The worst flamage is in the developer and business spheres, not the hobbist/gamer space. This comic says it best for me...
But the most important reason is that their friends also hate it, but they have no idea why, only that their friends' friends also hate it.
This is about the only thing I can figure, except that too few people out there even know that Macs still exist; they think they stopped making them or something. This limits the "friends of friends" effect.
hen when I ask them what they know about Macs they say "well, I haven't used one since school, but..."
What's funny is that the "one" is more likely to have been an Apple ][, not a Mac. And the Apple ]['s were well loved in their day.
If I was more conspiratorially minded, I'd guess most Mac haters were decended from Commodore 64 and Amiga users, bitter that that company tanked, as well as getting too used to having many friends pirate games and software for them. (The social network makes it easier to pirate software on PCs than Macs.)
Those who complain about affect & effect on
Wow, a label selling their own stuff is cheaper than a retailer. Fancy that.
Actually iTMS is quite the deal if I want to check out Tresor's back catalog which is either expensively imported or discontinued.
Tresor, a small, independent label.
-mkb
love for open systems and rebellian against tyranny semms to be innate in me.
I see. That's why you had to wait for iRiver to add video support to your player, presumably in response to Apple upping the ante. That's not freedom, that's market competition. Unless you and I have different definitions of open systems. Or did I miss that day when iRiver went open-source?
You want freedom, try the really free open-source Rockbox. They even managed to add 30fps video playback to some of the 4-year-old Archos Jukeboxes, along with talking menu prompts, user bookmarking, and other goodies. And lucky for you, there's moves afoot to port the Rockbox code to at least some of the iRiver devices.
Da Blog
And for being able to use iTunes I would first have to spend the money to buy Windows XP since it won't run on Windows98 that I keep around just in case... Yes, it's cheaper - at least for me.
Usually I simply plug my iRiver into the USB hub, it gets mounted automatically as a removable HD under Linux or Windows 98 - and probably every other OS that has USB support - and I can do whatever I want with the songs on the player.
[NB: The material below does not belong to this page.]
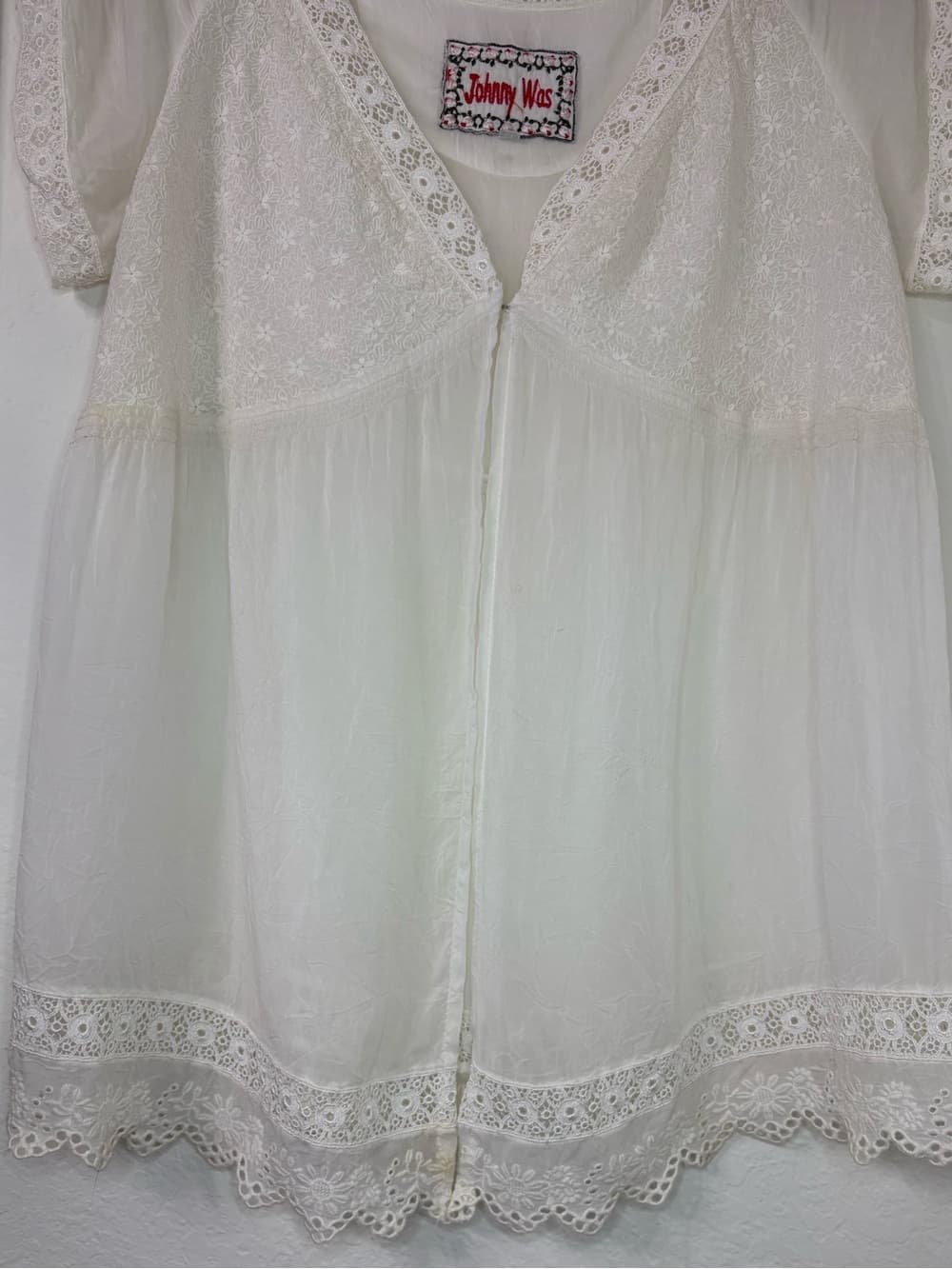 Johnny Was Ivory Embroidered Lace Boho Peasant Blouse Sheer Sleeve Medium - Thumbnail 5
What's so complicated about that?
I already have my music collection organized to my liking, in fact I did this long before I was able to afford a mobile player. I don't want some "I'm smarter than you" piece of software messing around with my collection or deleting songs from my player.
I'm probably too old-fashioned for iTunes. But somehow, I couldn't care less...
I have a music collection that is larger than the iPod's HD - at least larger than the discs of those I can afford. How does iTunes handle this? Judging from other posts here this is not so easy anymore.
Simple. Playlists, both standard and smart.
I only have a 10GB iPod and have probably 40+GB of music. I have smart playlists that filter based on mood, genere, etc. On top of that, I have a lot of my full albums as playlists (just select the songs and drag them to the playlist section and it'll create one named "Artist - Album"). It took a little while to create my album playlists but it's worth it. When you go to update your iPod, you just choose the playlists that you want. It works for me.
Not everything is analogous to cars. Car analogies rarely work.